De même que s’interroger sur la beauté nécessite de commencer par la contemplation d’œuvres d’art concrètes, réfléchir sur sa foi et sa conscience spirituelle requiert de faire mémoire des situations réelles dans lesquelles nous avons fait l’expérience du beau. Le chemin d’unification intérieure passe ainsi par une expérience du sensible et de l’esthétique. Dans son homélie, Benoît XVI rappelle ce lien entre la beauté et la vie spirituelle : « La beauté est la grande nécessité de l’homme ; elle est la racine de laquelle surgissent le tronc de notre paix et les fruits de notre espérance. La beauté est aussi révélatrice de Dieu, parce que, comme Lui, l’œuvre belle est pure gratuité, elle invite à la liberté et arrache à l’égoïsme. » L’éducation chrétienne doit donc permettre à un enfant à découvrir le lieu dans lequel son être s’ouvre à l’expérience du beau et peut réellement rencontrer celui qui est la Beauté : Dieu. Au fond, L’origine de la foi ne se trouve pas  d’abord dans  la réflexion éthique, mais dans l’expérience esthétique. Il ne s’agit pas de savoir quelles sont les valeurs morales à accomplir mais de connaître quels sont les lieux où l’expérience du beau peut être faite.

[blockquote] Expérience de beautés et révélation de la Beauté. [/blockquote]

Apparaissant comme le fondement de la foi, l’expérience du beau est avant tout personnelle. Qu’elle ait lieu dans la contemplation d’un paysage, dans l’audition d’une mélodie, dans la subtilité d’un raisonnement, dans la finesse d’un geste, dans l’élégance d’une personne… la beauté commence toujours par se vivre dans des expériences singulières et individuelles. Seulement, au lieu de considérer cette diversité comme un obstacle au caractère unique de la Beauté, elle en manifeste au contraire la très grande richesse.
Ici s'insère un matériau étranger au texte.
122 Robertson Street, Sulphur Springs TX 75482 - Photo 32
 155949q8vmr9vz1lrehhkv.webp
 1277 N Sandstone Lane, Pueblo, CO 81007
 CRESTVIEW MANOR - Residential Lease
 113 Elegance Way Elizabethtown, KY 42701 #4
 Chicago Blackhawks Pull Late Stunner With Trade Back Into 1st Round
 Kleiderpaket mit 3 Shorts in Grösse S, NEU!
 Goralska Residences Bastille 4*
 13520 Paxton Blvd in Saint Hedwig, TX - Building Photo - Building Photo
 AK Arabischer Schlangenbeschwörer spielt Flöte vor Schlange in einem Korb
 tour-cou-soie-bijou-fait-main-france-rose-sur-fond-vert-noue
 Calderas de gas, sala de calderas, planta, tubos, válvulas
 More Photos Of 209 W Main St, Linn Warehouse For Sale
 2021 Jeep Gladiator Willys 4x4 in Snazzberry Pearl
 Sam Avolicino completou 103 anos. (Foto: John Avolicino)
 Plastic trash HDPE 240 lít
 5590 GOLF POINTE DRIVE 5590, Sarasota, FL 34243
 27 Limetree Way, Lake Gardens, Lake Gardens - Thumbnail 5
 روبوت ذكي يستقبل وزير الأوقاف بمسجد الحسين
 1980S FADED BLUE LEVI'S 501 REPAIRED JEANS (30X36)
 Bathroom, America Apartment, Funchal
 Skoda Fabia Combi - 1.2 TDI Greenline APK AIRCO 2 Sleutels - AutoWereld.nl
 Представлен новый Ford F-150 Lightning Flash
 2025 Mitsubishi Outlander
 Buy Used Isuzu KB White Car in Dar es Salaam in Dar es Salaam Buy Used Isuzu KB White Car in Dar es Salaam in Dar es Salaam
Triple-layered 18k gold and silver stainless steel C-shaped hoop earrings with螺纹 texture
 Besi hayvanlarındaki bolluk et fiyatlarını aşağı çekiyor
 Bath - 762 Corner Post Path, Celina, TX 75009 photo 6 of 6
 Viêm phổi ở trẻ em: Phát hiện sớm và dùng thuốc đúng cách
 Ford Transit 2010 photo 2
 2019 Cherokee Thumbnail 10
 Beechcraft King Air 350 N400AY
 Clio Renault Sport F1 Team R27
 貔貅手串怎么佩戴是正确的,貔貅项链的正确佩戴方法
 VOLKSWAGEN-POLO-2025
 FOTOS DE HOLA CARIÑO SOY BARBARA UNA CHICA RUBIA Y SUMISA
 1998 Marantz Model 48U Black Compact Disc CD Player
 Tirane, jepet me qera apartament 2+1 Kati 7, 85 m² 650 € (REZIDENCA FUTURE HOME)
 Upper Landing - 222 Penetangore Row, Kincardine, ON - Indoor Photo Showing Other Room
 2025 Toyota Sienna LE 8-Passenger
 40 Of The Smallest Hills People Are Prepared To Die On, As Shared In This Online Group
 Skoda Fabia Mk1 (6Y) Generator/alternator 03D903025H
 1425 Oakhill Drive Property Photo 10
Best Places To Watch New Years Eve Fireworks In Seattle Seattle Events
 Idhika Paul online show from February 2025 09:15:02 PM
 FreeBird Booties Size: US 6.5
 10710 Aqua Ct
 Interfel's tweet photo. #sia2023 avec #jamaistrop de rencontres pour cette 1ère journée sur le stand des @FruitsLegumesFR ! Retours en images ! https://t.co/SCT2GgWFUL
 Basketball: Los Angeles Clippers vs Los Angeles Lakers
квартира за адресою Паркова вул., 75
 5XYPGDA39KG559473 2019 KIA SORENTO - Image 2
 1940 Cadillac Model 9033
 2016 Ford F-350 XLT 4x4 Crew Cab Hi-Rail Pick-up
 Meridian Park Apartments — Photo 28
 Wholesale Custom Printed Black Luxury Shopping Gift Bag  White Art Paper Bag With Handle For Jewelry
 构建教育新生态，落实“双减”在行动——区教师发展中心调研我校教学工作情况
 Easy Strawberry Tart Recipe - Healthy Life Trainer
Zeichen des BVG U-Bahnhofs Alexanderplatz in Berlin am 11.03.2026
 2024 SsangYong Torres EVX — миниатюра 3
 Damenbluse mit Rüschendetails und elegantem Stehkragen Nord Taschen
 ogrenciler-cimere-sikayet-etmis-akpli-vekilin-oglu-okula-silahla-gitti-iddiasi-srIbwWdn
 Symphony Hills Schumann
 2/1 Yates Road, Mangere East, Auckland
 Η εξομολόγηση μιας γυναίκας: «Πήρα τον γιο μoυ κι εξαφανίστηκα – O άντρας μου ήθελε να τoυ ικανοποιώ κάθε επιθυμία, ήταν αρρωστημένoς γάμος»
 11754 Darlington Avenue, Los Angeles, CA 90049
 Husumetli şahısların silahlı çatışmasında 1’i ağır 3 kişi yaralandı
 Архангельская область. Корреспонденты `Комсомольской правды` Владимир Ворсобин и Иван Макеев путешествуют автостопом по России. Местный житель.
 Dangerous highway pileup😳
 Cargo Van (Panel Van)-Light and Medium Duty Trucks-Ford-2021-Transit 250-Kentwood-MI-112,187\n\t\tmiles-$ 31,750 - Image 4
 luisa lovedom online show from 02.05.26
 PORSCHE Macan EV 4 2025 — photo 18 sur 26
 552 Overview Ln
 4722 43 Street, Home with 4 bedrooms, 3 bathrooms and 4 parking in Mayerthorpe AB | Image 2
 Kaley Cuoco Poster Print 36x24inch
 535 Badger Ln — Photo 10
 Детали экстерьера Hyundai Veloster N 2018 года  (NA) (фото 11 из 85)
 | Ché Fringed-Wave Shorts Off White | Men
Finalement, si nos sens nous conduisent à découvrir de nombreuses beautés, toutes nous amènent à confesser l’Être. Chaque expérience personnelle de la beauté est ainsi un signe visible du Dieu invisible et apparaît comme une première rencontre avec le mystère de Dieu.

Notre première expérience de la beauté intervient avec les tous débuts de notre vie. Dès le premier regard que sa mère pose sur lui, le nouveau-né reconnaît une beauté toute singulière qui le réjouit. Et son sourire est l’expression d’une joie esthétique, fruit de la révélation dans le beau visage qui se penche sur lui, de l’amour qui lui a donné et lui donne la vie. L’expérience du beau imprègne ainsi l’homme, avant même qu’il puisse poser un acte de foi en choisissant la vie ou la mort. Reconnaissant en autrui, le signe perceptible d’une réalité invisible, la rencontre avec une personne constitue le sommet de la beauté et apparaît comme le lieu de naissance de notre foi. Ce sommet de la beauté présent dans le mystère de l’homme et de la femme est décrit dans chacun des trois livres de la Liturgie, de la Nature et de l’Écriture. Si la sensibilité affective au corps de l’autre est au cœur du livre de la Nature, celui de la Liturgie dans lequel l’homme en tant que prêtre a un rôle propre, offre un écho à celui de la Nature où la femme en tant que mère est la seule à enfanter.